I don’t know what tile you have chosen for the walls there, but there are several different kinds of thin set. Some are designed for regular tile, the old school 4 x 4”. But if you are working with large format tile, they have thin set design for large format tile. They also have white thin set if you’re working with a whitish tile or marble. I believe they also have some others. Choose the thin set based on the tile you’re setting.
I have attached two photos here of a similar bathroom renovation I did in 2020. In this case, I removed the tub and replaced it with a shower base. Shown is the back wall all mudded up, and then later when it’s been tiled, but before grouting.
Thanks. I tried to get peanutbutter consistency but first try was a bit too thick/dry and almost crumbly. I mixed it as thoroughly as I could with mixing attachment. I think it got a little too thin when I added a tad more water so that may have been part of the issue. For awhile it was peanutbutter consistency but then got harder.

I know concrete heats up when it cures so perhaps the water being lukewarm from sitting in the room helped it cure faster. I'll refrigerate some water for next time though. I'll also try to be quicker about getting stuff on the wall.

No tile. I'm putting a glue-up surround on. I just wanted to seal up all the corners & seams and screw holes and cracks & whatever for stabilizing. Didn't have the right adhesive for the L-bead trim so needed to mud it to try to smooth it out.
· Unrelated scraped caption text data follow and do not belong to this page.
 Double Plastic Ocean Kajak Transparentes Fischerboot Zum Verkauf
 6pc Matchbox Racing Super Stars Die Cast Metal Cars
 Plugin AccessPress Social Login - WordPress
Also, despite my efforts to try to get the walls as square as I could, it's still not quite there and I want to make it square at least at the part where the corner grab bar shelf will go.
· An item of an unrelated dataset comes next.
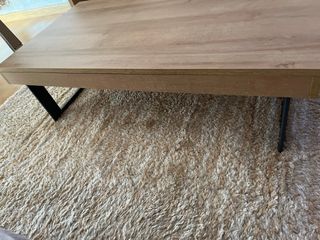 Mesa baja salón madera y metal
I've got other things to do today and am getting more tools to try to make this easier for next time. Hoping to be able to work on it some today if I have time.
 
I have put glue up surrounds on waterproof drywall and didn’t make the extra effort to put up cement board or even tape the drywall. If considered the surround to be waterproof by itself

Can you dry fit the surround?

I have not had issues like yours with thin set. Maybe the cement board was drawing moisture out while you were working. Had a similar experience with sanded grout and worked excessively to push grout that was probably a little too dry into the tile joints. No fun
 
I dry fit the surround before. I want to finish mudding over the trim and tape and then see if I need to build up any to get the left panel of the surround square so the grab bar will fit.
I have photos of the surround dry fit in on a previous page of this thread.
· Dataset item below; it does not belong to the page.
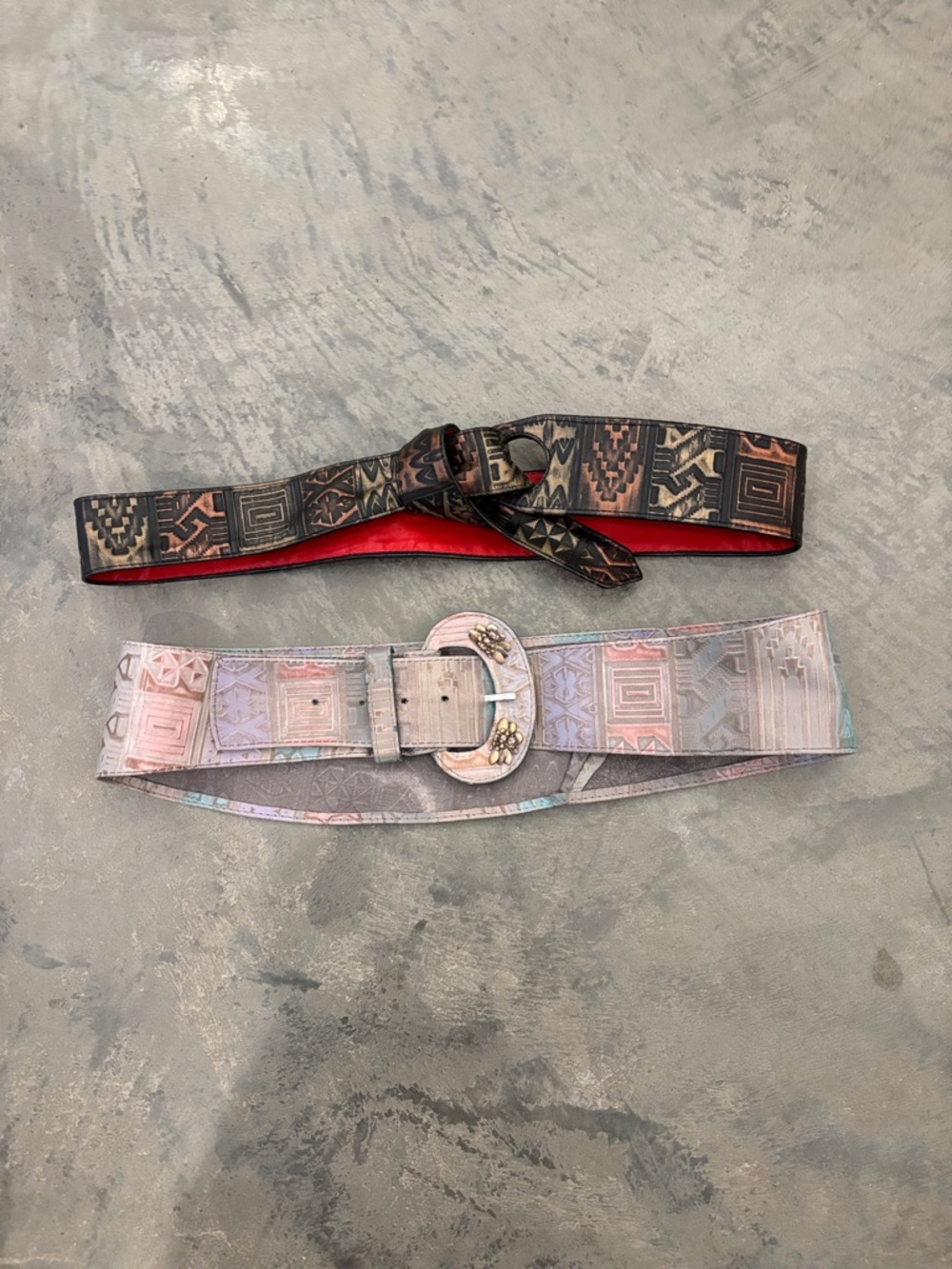 Two vintage belts from the 80s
I was going to do more "mudding" today but I was dropping everything, tripping, & its too hot. I know when I have an off coordination day it would not be good to try to mess with stuff. Maybe later tonight or tomorrow morning before it warms up. I also hurt my back lifting cases of water. I'm chilling some water in the fridge to use for the next batch of mortar. I'm hoping that will give more working time.

The cementboard sucking out moisture certainly is a possibility.
 
Probably the messiest cement board mortar job in the world, but its done. Not perfect-- not even close-- but all of the tape is covered. Seams are covered, etc. Hope it is solid once it dries.